:: EXERCISE DETAILS ::
Nothing in the records may be altered, and no picture may be included. Restate them in full.

[Recorded data]
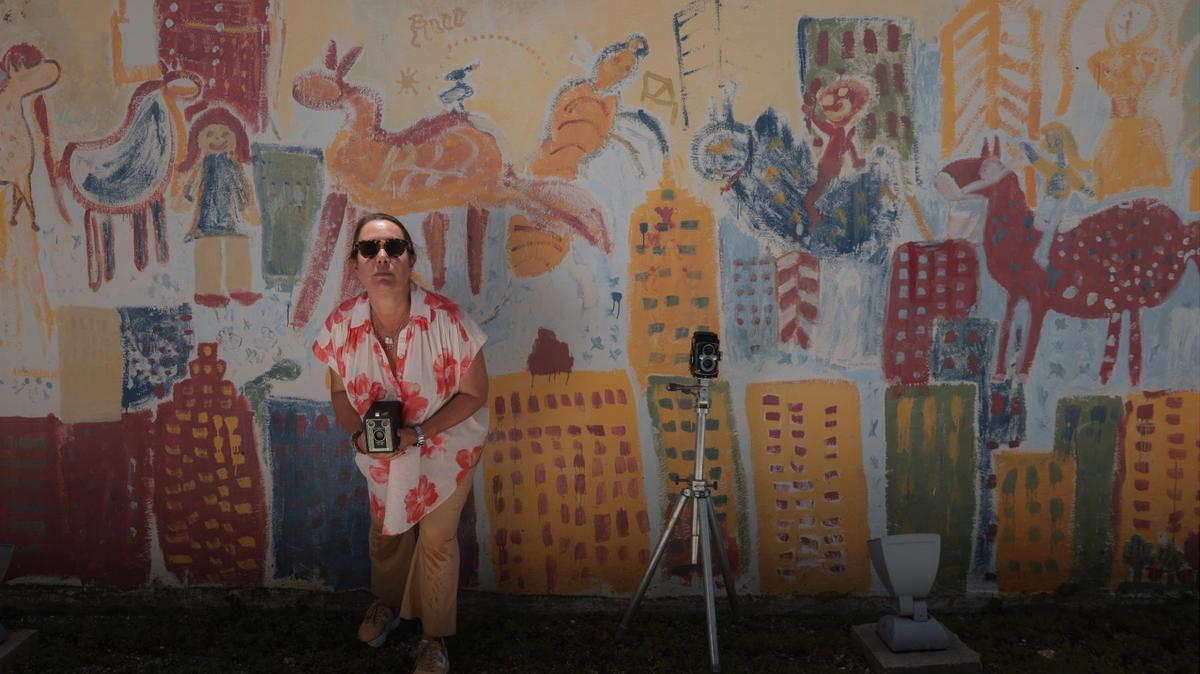 Clara Toro, artista de Bakehouse Art Complex, es fotografiada cerca de un mural de Purvis Young que está en proceso de restauración en Miami, Florida, el jueves 14 de julio de 2022.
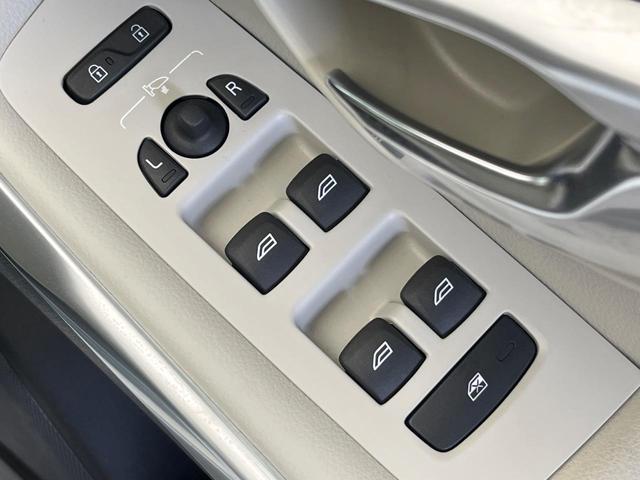 Ｖ４０ Ｄ４　ＳＥ　禁煙車　インテリセーフ　純正ＨＤＤナビ　バックカメラ　パドルシフト　フロントシートヒーター　運転席パワーシート　純正１７インチアルミホイール　Ｂｌｕｅｔｏｏｔｈ　ＣＤ・ＤＶＤ再生機能（29枚目）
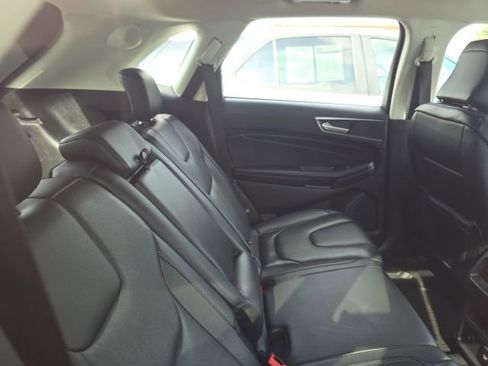 Used 2022 Ford Edge Titanium AWD/4WD image 12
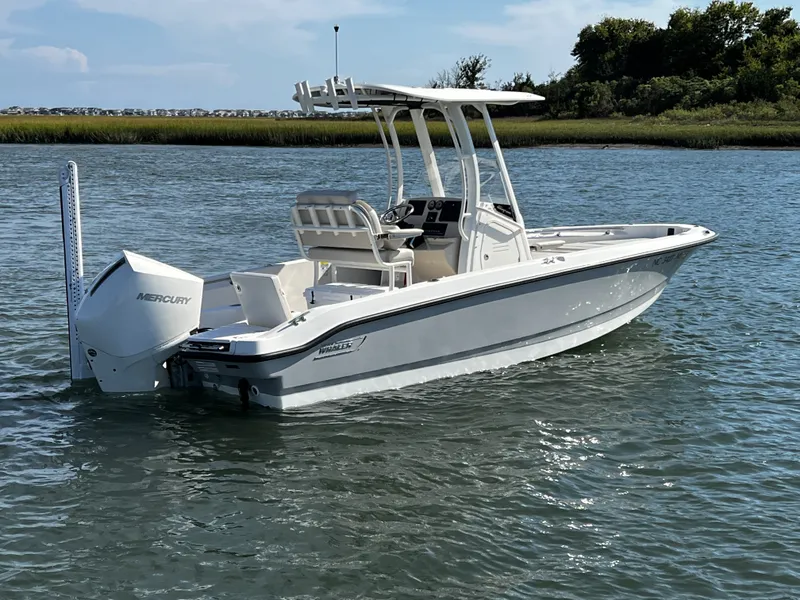 The Image of Boston Whaler 220 Dauntless 2025 - 0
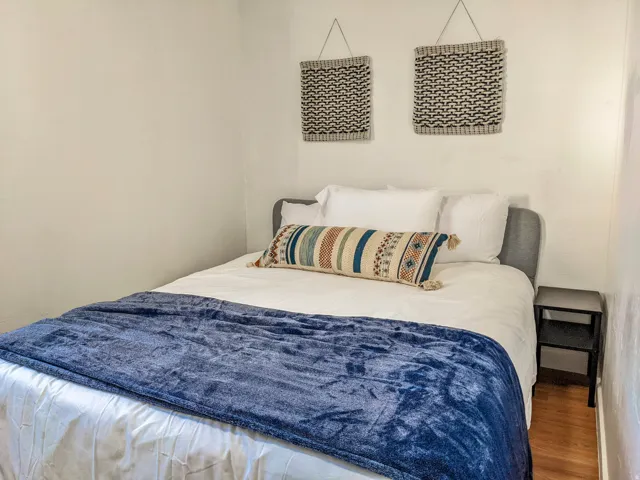 Bedroom 1/2 in building 2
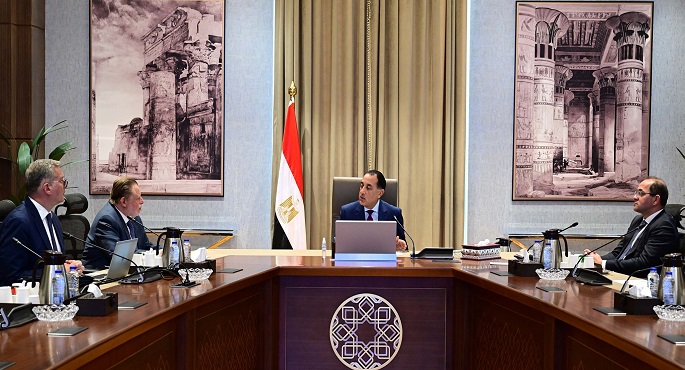 مدبولى يتابع توافر الاحتياطى الإستراتيجى من المنتجات البترولية وسداد مستحقات الشركاء الأجانب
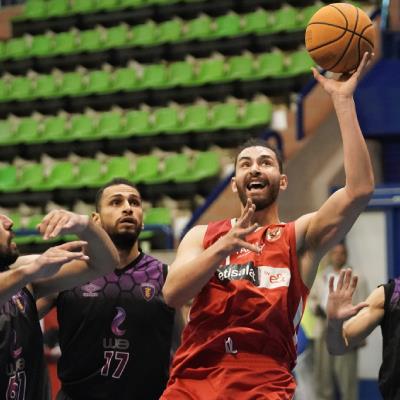 سلة الأهلي يفوز بأولى مبارياته أمام الاتصالات في دوري السوبر
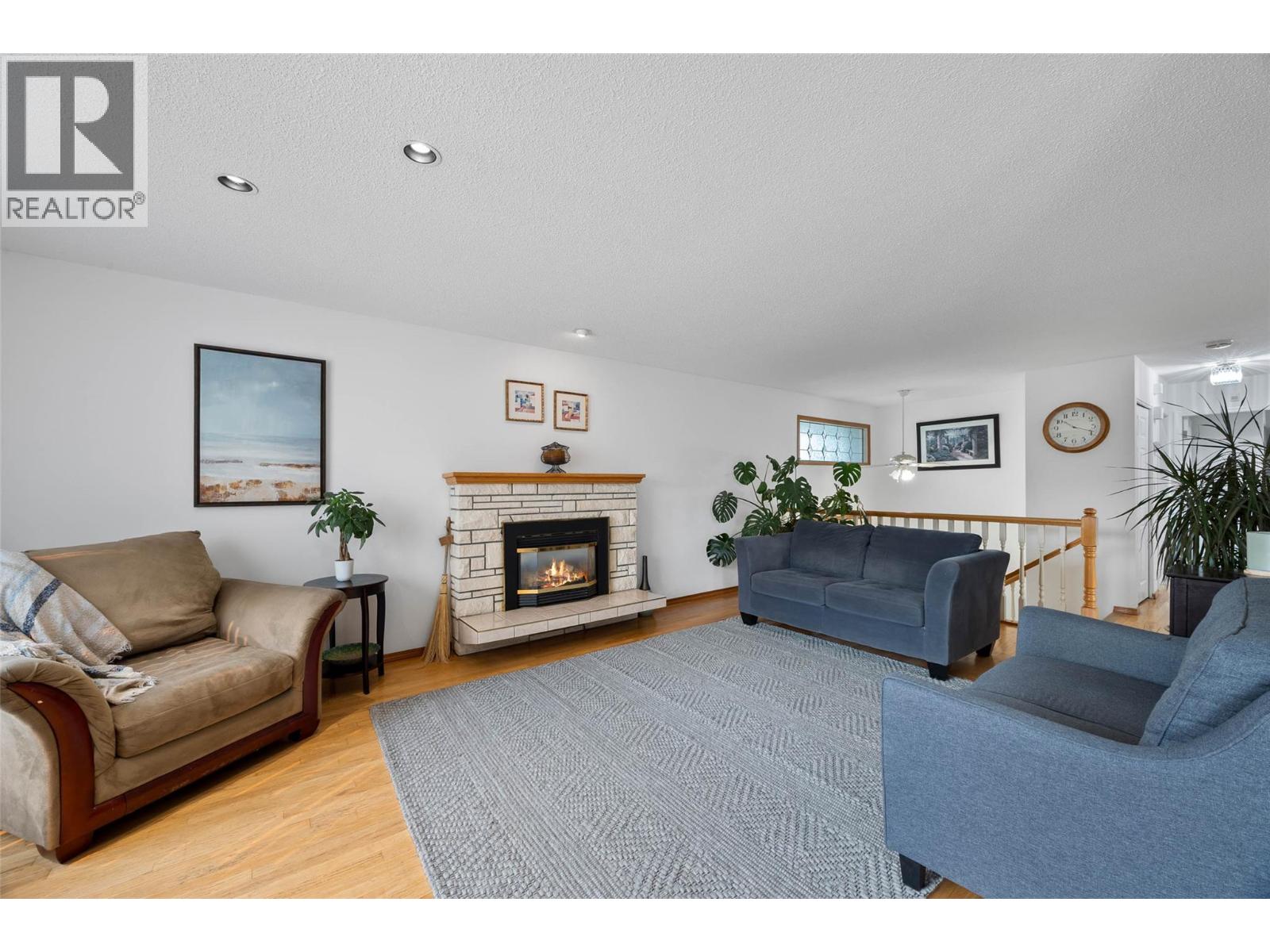 1670 Happyvale Avenue, Kamloops, British Columbia  V2B 4H2 - Photo 7 - 10396928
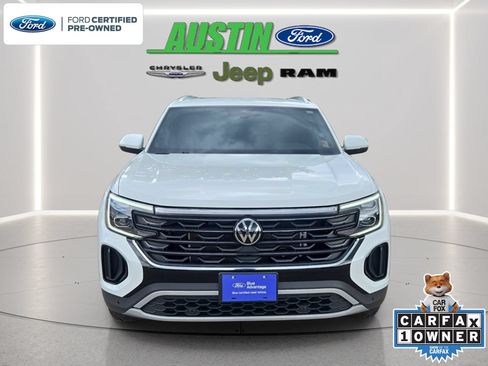 Used 2024 Volkswagen Atlas Cross Sport SE AWD/4WD image 8
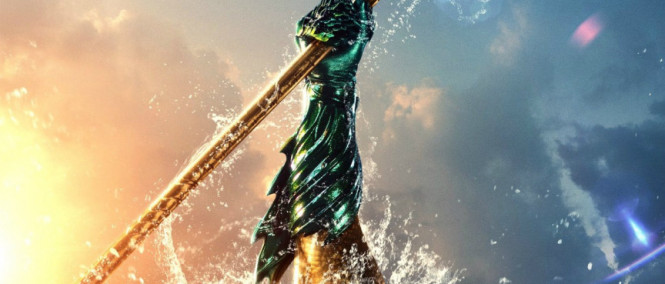 Aquaman se vynořuje v novém, prodlouženém traileru.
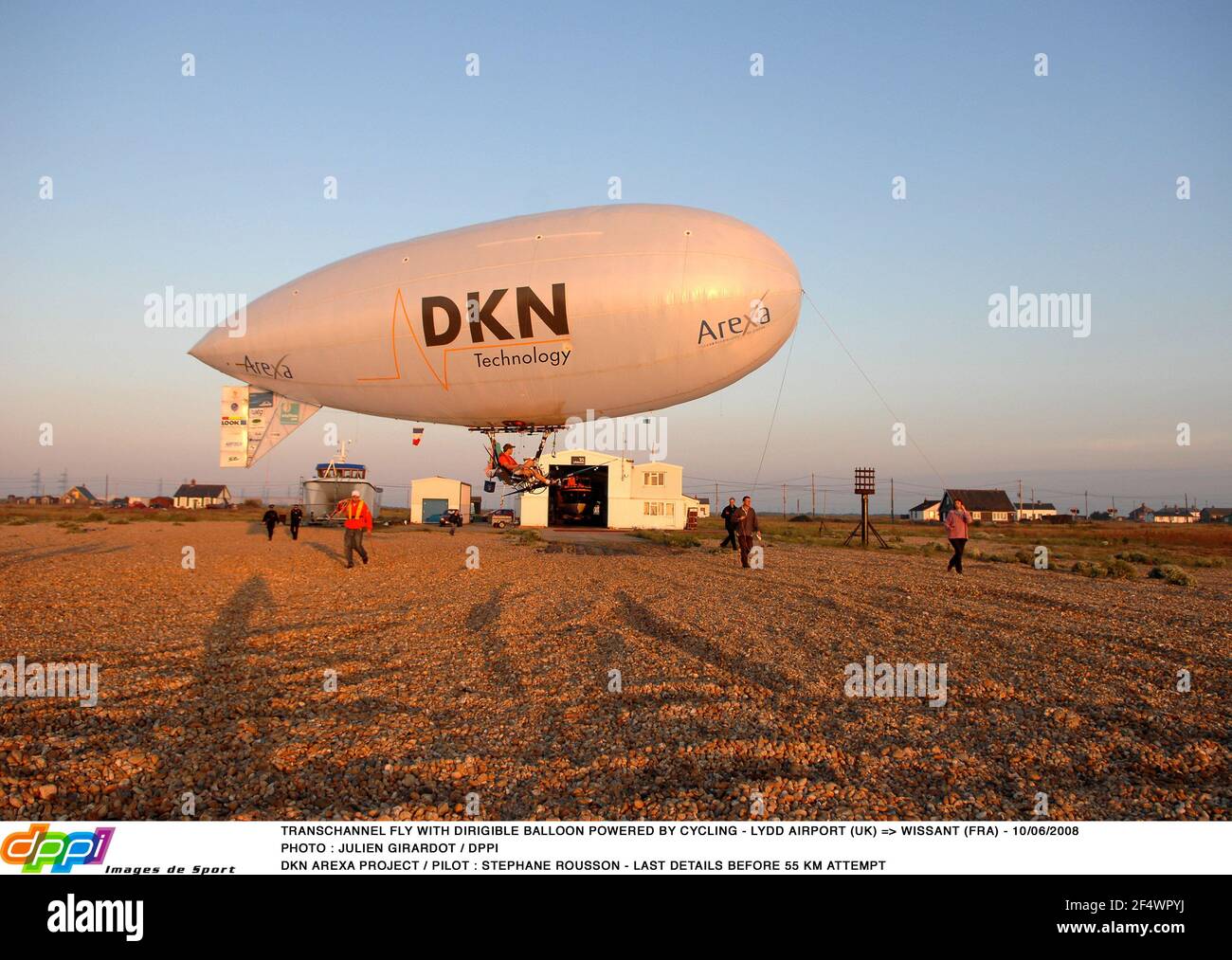 TRANSCHANNEL FLIEGEN MIT DEM LUFTBALLONBETRIEBENEN RADFAHREN - FLUGHAFEN LYDD (UK) - 10/06/2008 FOTO : JULIEN GIRARDOT / DPPI DKN AREXA PROJEKT / PILOT : STEPHANE ROUSSON - START Stockfoto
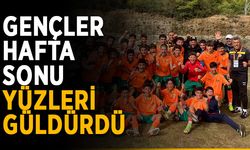 Alanyasporlu gençler yüzleri güldürdü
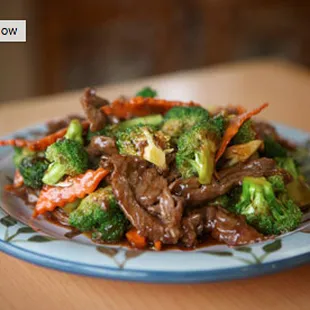 a plate of beef and broccoli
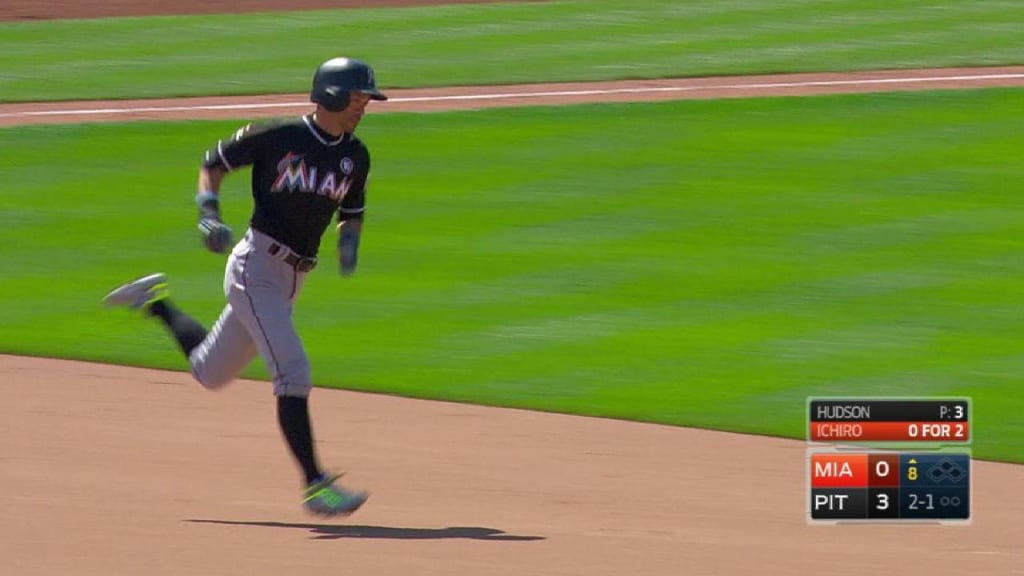 According to Barry Bonds, Ichiro would win the T-Mobile Home Run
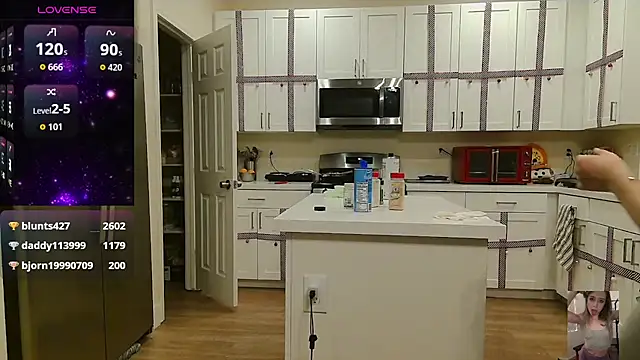 Blondiewithanass's cam snapshot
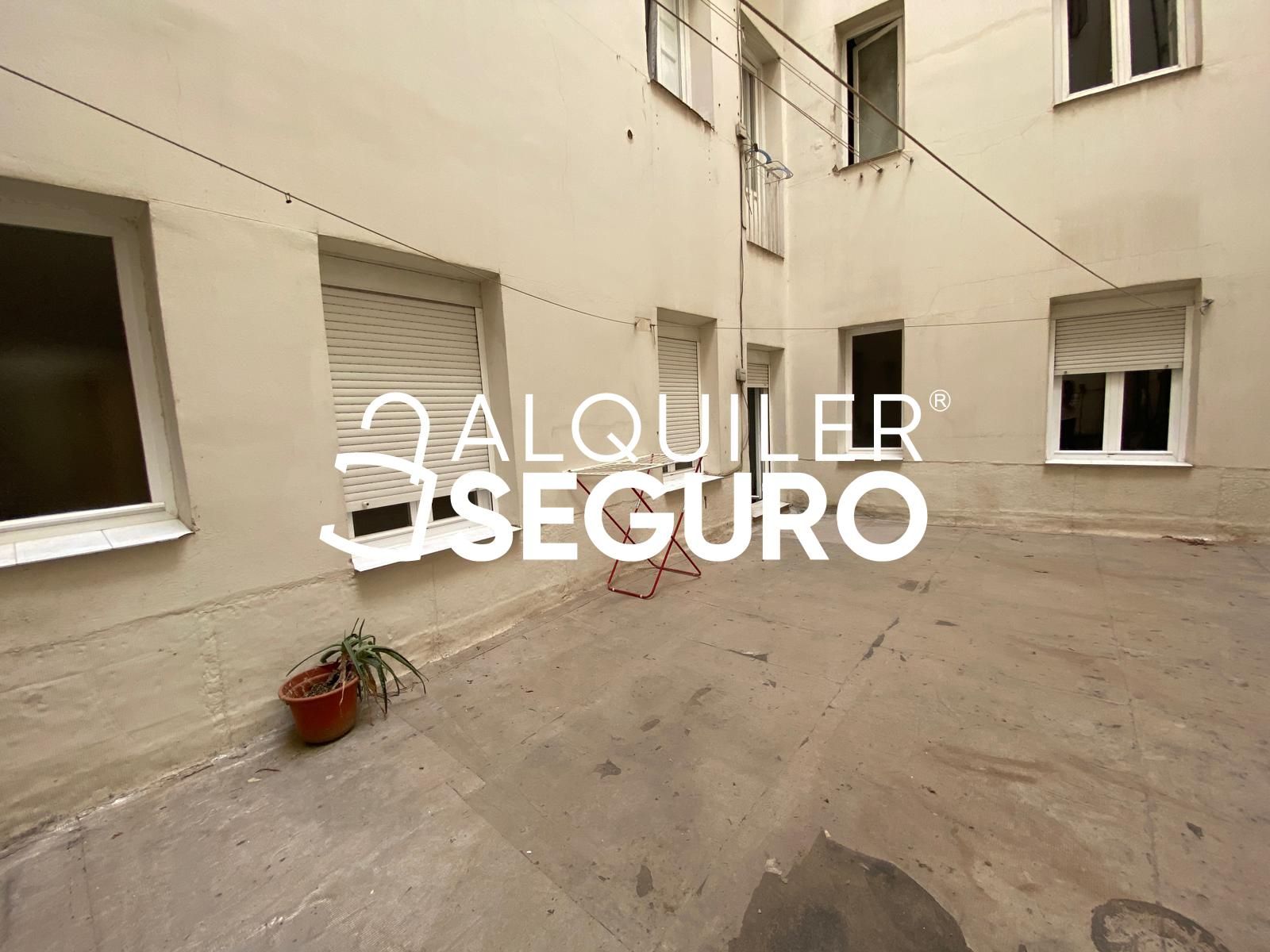Exterior view of Flat to rent in  Madrid Capital  with Heating and Terrace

:: EXERCISE OUTPUT ::
 Clara Toro, artista de Bakehouse Art Complex, es fotografiada cerca de un mural de Purvis Young que está en proceso de restauración en Miami, Florida, el jueves 14 de julio de 2022.
 Ｖ４０ Ｄ４　ＳＥ　禁煙車　インテリセーフ　純正ＨＤＤナビ　バックカメラ　パドルシフト　フロントシートヒーター　運転席パワーシート　純正１７インチアルミホイール　Ｂｌｕｅｔｏｏｔｈ　ＣＤ・ＤＶＤ再生機能（29枚目）
 Used 2022 Ford Edge Titanium AWD/4WD image 12
 The Image of Boston Whaler 220 Dauntless 2025 - 0
 Bedroom 1/2 in building 2
 مدبولى يتابع توافر الاحتياطى الإستراتيجى من المنتجات البترولية وسداد مستحقات الشركاء الأجانب
 سلة الأهلي يفوز بأولى مبارياته أمام الاتصالات في دوري السوبر
 1670 Happyvale Avenue, Kamloops, British Columbia  V2B 4H2 - Photo 7 - 10396928
 Used 2024 Volkswagen Atlas Cross Sport SE AWD/4WD image 8
 Aquaman se vynořuje v novém, prodlouženém traileru.
 TRANSCHANNEL FLIEGEN MIT DEM LUFTBALLONBETRIEBENEN RADFAHREN - FLUGHAFEN LYDD (UK) - 10/06/2008 FOTO : JULIEN GIRARDOT / DPPI DKN AREXA PROJEKT / PILOT : STEPHANE ROUSSON - START Stockfoto
 Alanyasporlu gençler yüzleri güldürdü
 a plate of beef and broccoli
 According to Barry Bonds, Ichiro would win the T-Mobile Home Run
 Blondiewithanass's cam snapshot
Exterior view of Flat to rent in  Madrid Capital  with Heating and Terrace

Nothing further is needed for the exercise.